Face à leurs multiples fournisseurs (compagnies d'assurances, plates-formes, sociétés de gestion, promoteurs immobiliers), bien plus gros qu'eux en nombre et en taille, « les conseils indépendants peuvent se sentir désavantagés », souligne Marie-Anne Jacquier. Le groupement rééquilibre le rapport de forces, profite de l'effet de volume pour peser plus lourd face aux compagnies et négocier des tarifs préférentiels. Cela passe aussi par le montage de contrats dédiés qui incluent de nouveaux supports financiers structurés ou non.
Un paysage mouvant
« Beaucoup se concentrent, mais la mayonnaise ne prend pas forcément », relativise Nathalie Trasleglise, directrice d'Allianz VIP. D'abord, les CGPI n'ont pas envie de se faire absorber et perdre leur indépendance. Ensuite, tous les groupements n'apportent pas la même valeur ajoutée et ne sont pas promis au même avenir que les plus anciens, déjà établis. Lorsque les conseils estiment que les inconvénients du groupement ne compensent pas les avantages qu'il est censé procurer, ils quittent le navire. Les unions se font et se défont. Mariages et divorces rendent le paysage très mouvant. « Quand un groupement tient bon, c'est surtout grâce à son leader, à sa notoriété, à son image et à sa capacité à fédérer sans placer son intérêt avant celui des membres », souligne Nathalie Trasleglise.

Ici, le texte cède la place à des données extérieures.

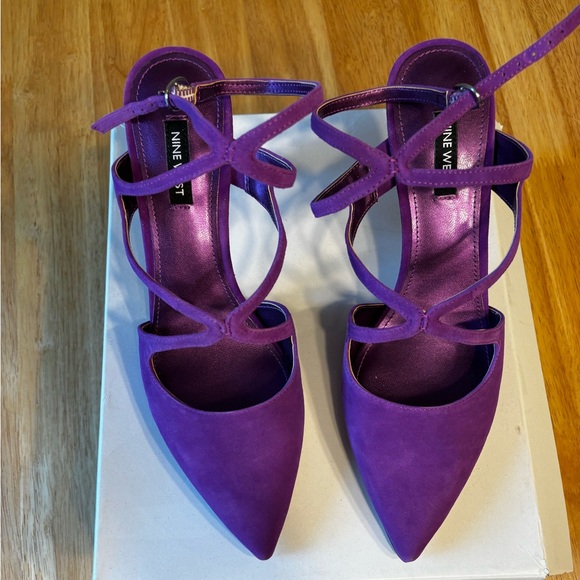 Nine West Purple Strappy Heels - Picture 1 of 5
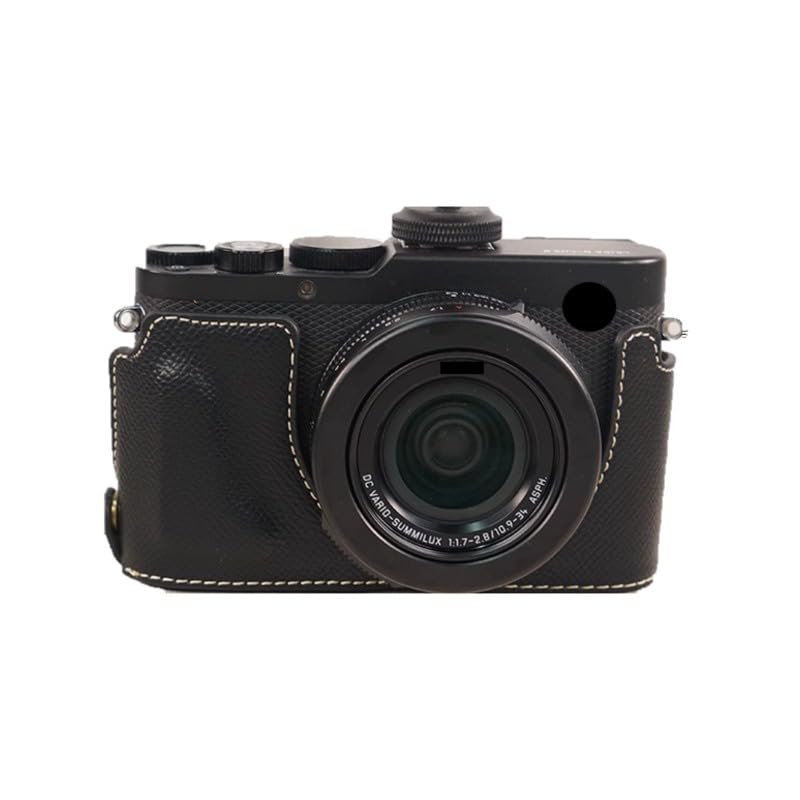 Etui na aparat czarna skóra PU antypoślizgowa ochronna połowa korpusu obudowa bazowa obudowa do kompaktowego aparatu cyfrowego Leica D-Lux 8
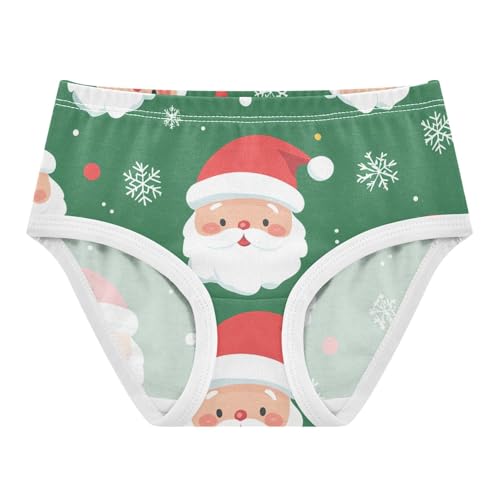 Cotton Toddler Underwear Custom Cute Santa Claus Christmas Green Cute Panties Girl Bright Kids Undies Briefs 2t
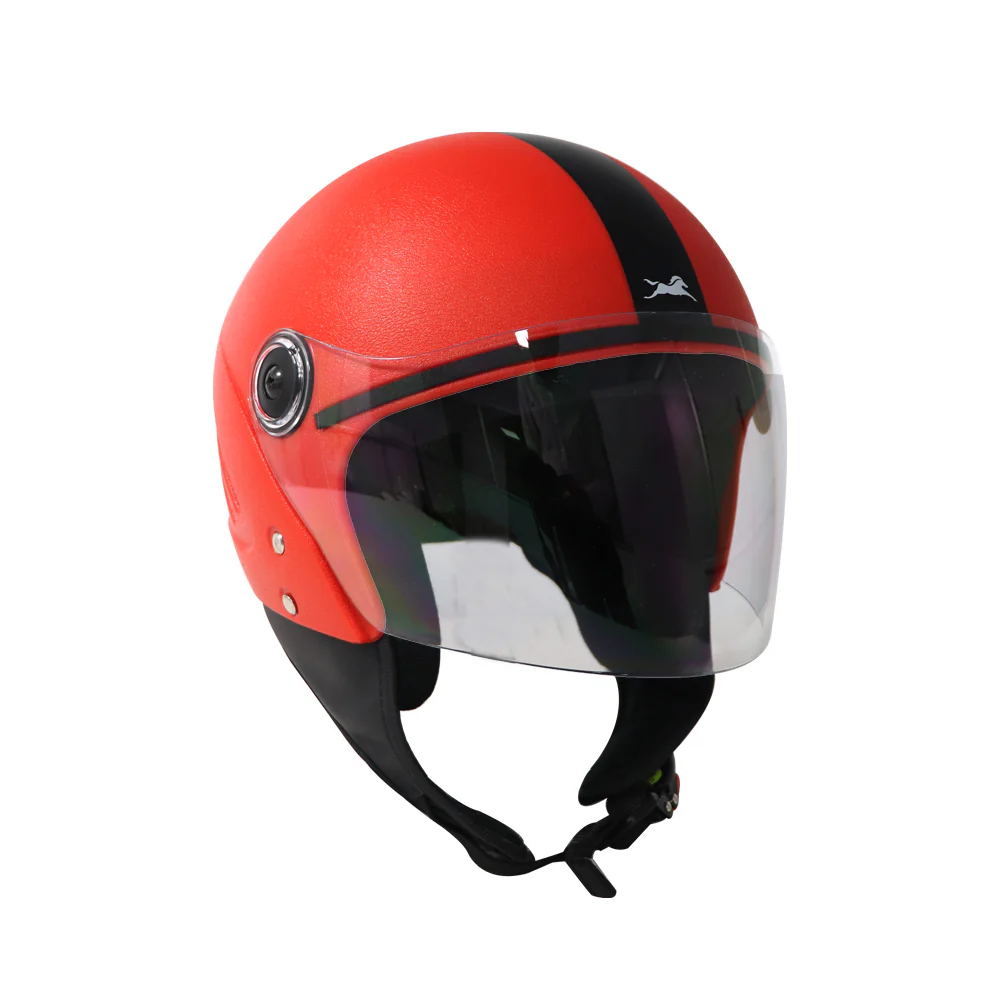 TVS Helmet Half Face Black Eco Red - Image 2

Reste que « le processus de rapprochement déjà engagé au sein de la profession va se poursuivre », confirme, pour sa part, Sabine Gräfe, responsable d'une étude de Precepta, parue en octobre 2009. « Je ne sais pas quelle forme de groupement va gagner, mais les regroupements de CGPI semblent être une tendance de fond », confirme Marie-Anne Jacquier.